Among other things, this will open the possibility for three-year-olds in kindergarten to be imposed to consider the male and female gender in gender neutral terms. Their parents will have little to no possibility to express their personal view. This will disturb not only the fundamental human right of parents to bring up their children in accordance with their moral values, but also one of the fundamental principles of bringing up of young generations across eras and civilizations.

As a form of paradox, this has all been done in the name of a free, open society. But let us not forget that a free society is above all a moral achievement.

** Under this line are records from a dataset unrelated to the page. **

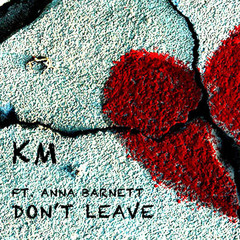 Don't Leave Ft. Anna Barnett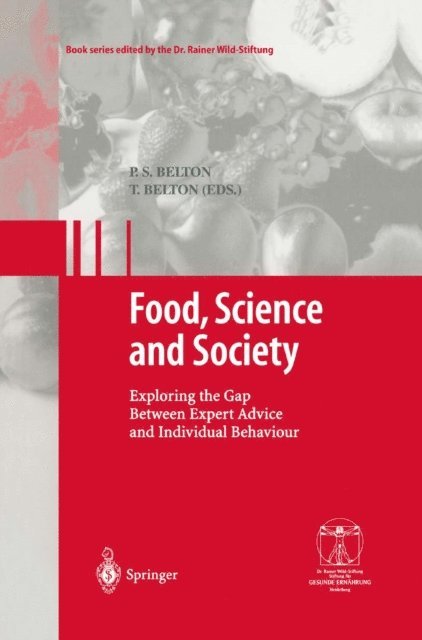 Teresa Belton, P.S. Belton - Food, Science and Society, E-bok
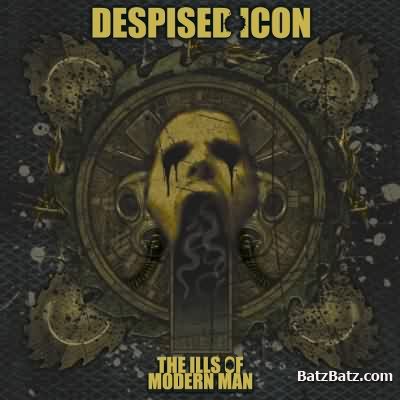 Despised Icon - The Ills Of Modern Man (Bonus DVD) (2008)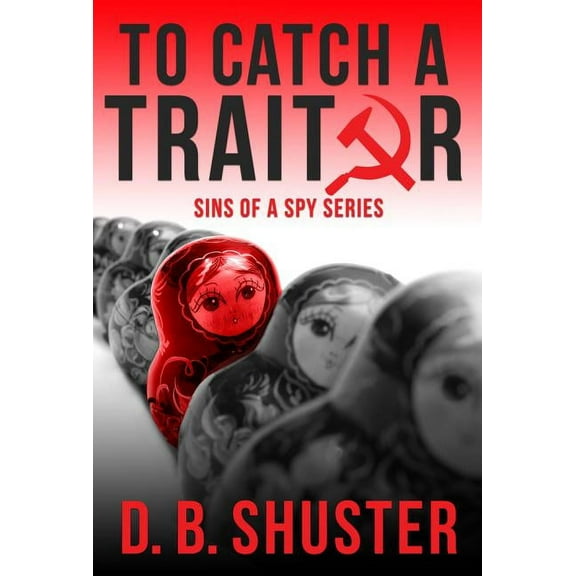Sins of a Spy: To Catch a Traitor (Paperback)
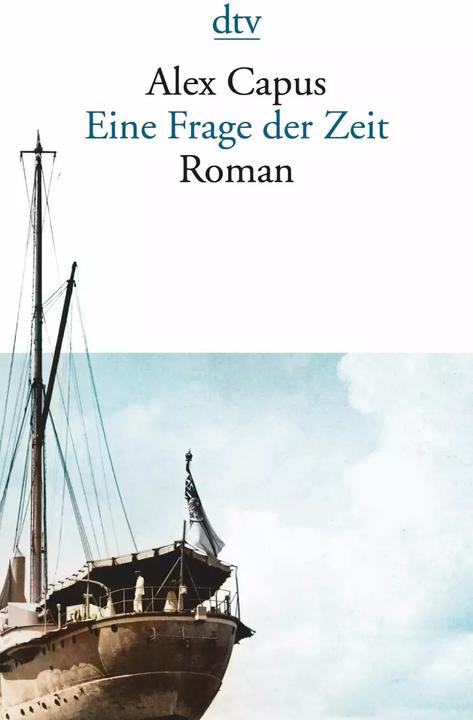 Immagine prodotto Eine Frage der Zeit (Tedesco, Alex Capus, 2018)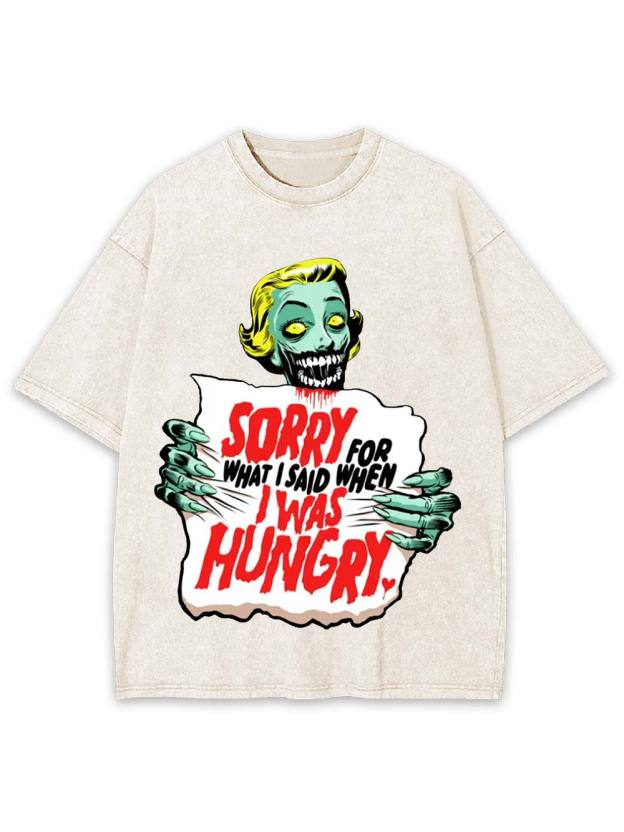 Sorry For What I Said When I Was Hungry Washed Tshirt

Without shared moral values and institutions based upon them, society will fall apart.

The main point of the Convention is uncontestable because it regards combating violence against women and domestic violence, that should always and everywhere be subject to condemnation and sanction.

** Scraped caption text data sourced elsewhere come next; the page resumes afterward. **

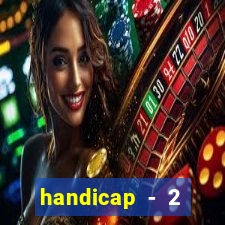 handicap - 2 resultado final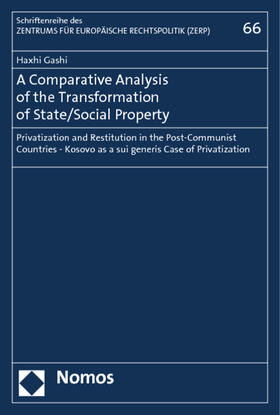 Gashi |  A Comparative Analysis of the Transformation of State/Social Property | Buch |  Sack Fachmedien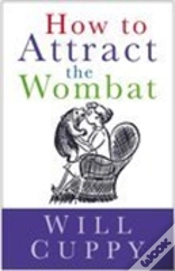 Capa do artigo How To Attract The Wombat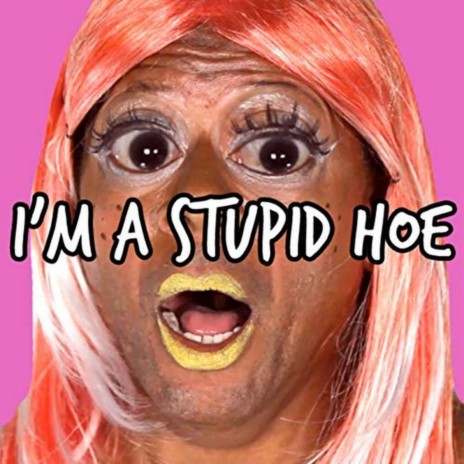 I'm a Stupid Hoe | Boomplay Music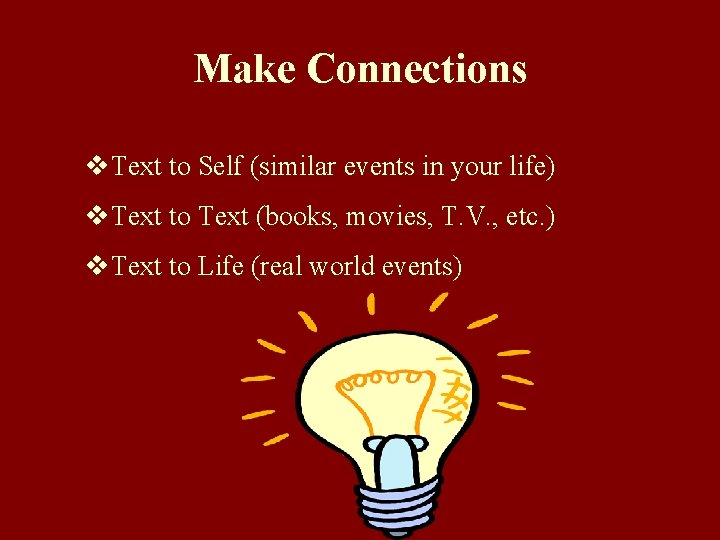 Make Connections v. Text to Self (similar events in your life) v. Text to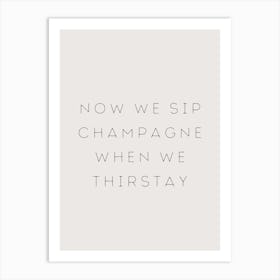 NOW WE SIP CHAMPAGNE WHEN WE THIRSTAY Art Print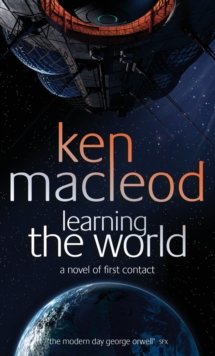 Learning The World : A novel of first contact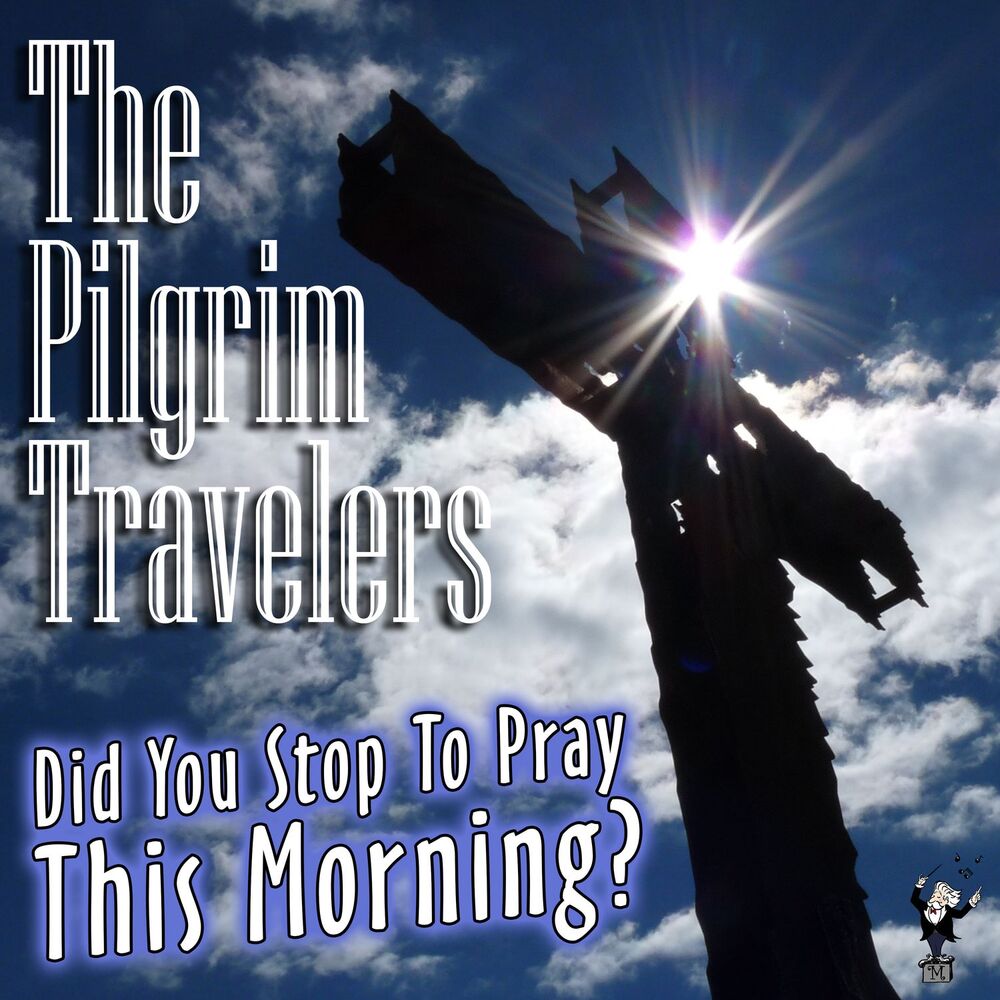 Picture of Did You Stop to Pray This Morning?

However, the introduction of a new notion for gender and sex, without an open public debate with parents, pedagogues, psychologists and all those included in youth education will lead to imposed tolerance, without a true and sincere respect for diversity.

Macedonian citizens require and deserve an open debate on the possible consequences of such legislation. Citizens’ demand are my demand too.

Yesterday, on December 25, we marked 114 years since the day when, back in 1903, one of the most important works for Macedonia was published in Sofia. It was the day when “On Macedonian Matters” from Krste Petkov Misirkov came out of print. Why am I mentioning Misirkov? Because many parallels can be drawn.

Back then, just like today, we see fake news and propaganda.

Back then, just like today, our identity was brought into question.

Back then, just like today, Macedonian language was a burning issue. Misirkov reminds us of the duty to preserve our language, because it is ours as much as our homeland.

Back then, just like today, the Macedonian tissue was apart. The message of Misirkov was that uniting can only happen through compromise between ideological opponents, and not capitulation of one or the other.

Back then, just like today, European reforms for Macedonia were a topic. If, back then, those reforms were supposed to be implemented by others, today, it is up to us to implement them ourselves. The Union can point out the challenges and recommend solutions, but it cannot implement reforms for us. It is our obligation to build functioning institutions and ensure independent judiciary and rule of law.

Back then, just like today, morals were an issue. Misirkov believed that leaders should dedicate themselves to the moral and intellectual improvement of their citizens. Today, what we see instead is attempts to take away the exact moral brakes that enabled us to survive.

Finally, back then, just like today, we have a similar attitude towards Misirkov’s work. The ink on the book was not even dry yet when almost all samples of “On Macedonian Matters” were immediately ceased and destroyed by those who were unable to handle the truth. Unfortunately, more than a century later, we treat those who think differently in a similar manner.

He said that “history helps every people to realize the mistakes they have done and keep them from repeating them.”And yet, we repeat them over and over again. In spite of all our ethnic, religious, ideological and political differences, there is one thing holding us together – the state. And yet, it is that very state that we are undermining for the sake of daily political agendas, mobilizing voters, conquering and maintaining power.

Therefore, it is high time to truly understand Misirkov. He invites us to look at ourselves and our interests with a dose of self-criticism. He invites us to get rid of mutual mistrust, overcome mutual hostility and unite around the state interests of Macedonia and the interests of Macedonian citizens. The interests of the state and the citizens are my interests too.

All of this can only be achieved through serious structural reforms in the education system of the Republic of Macedonia adapted to the needs of the 21st century. In this sense, I wish to put an emphasis on the necessity to strengthen patriotism, open mindedness, creativity and innovativeness.

While we are dealing with issues of the 19th and 20th century, while we are talking about adapting to the challenges of the 21st century, we are far from aware that generations born today will live to see the 22nd century.

It is up to us whether those children of our will see the 22nd century in their own, unitary and functioning state. A state that will guarantee and protect their rights and freedoms and that will offer a safe haven from global security storms. Or, will we leave them with a weak and non-functioning state and a politically burdened society, deeply divided on almost every basis.

I urge you to think about the meaning of every draft law that you will consider and every word that you will utter on this stand – not their meaning for the next elections, but their reflection on future generations.

Their demands should be my and your obligation”.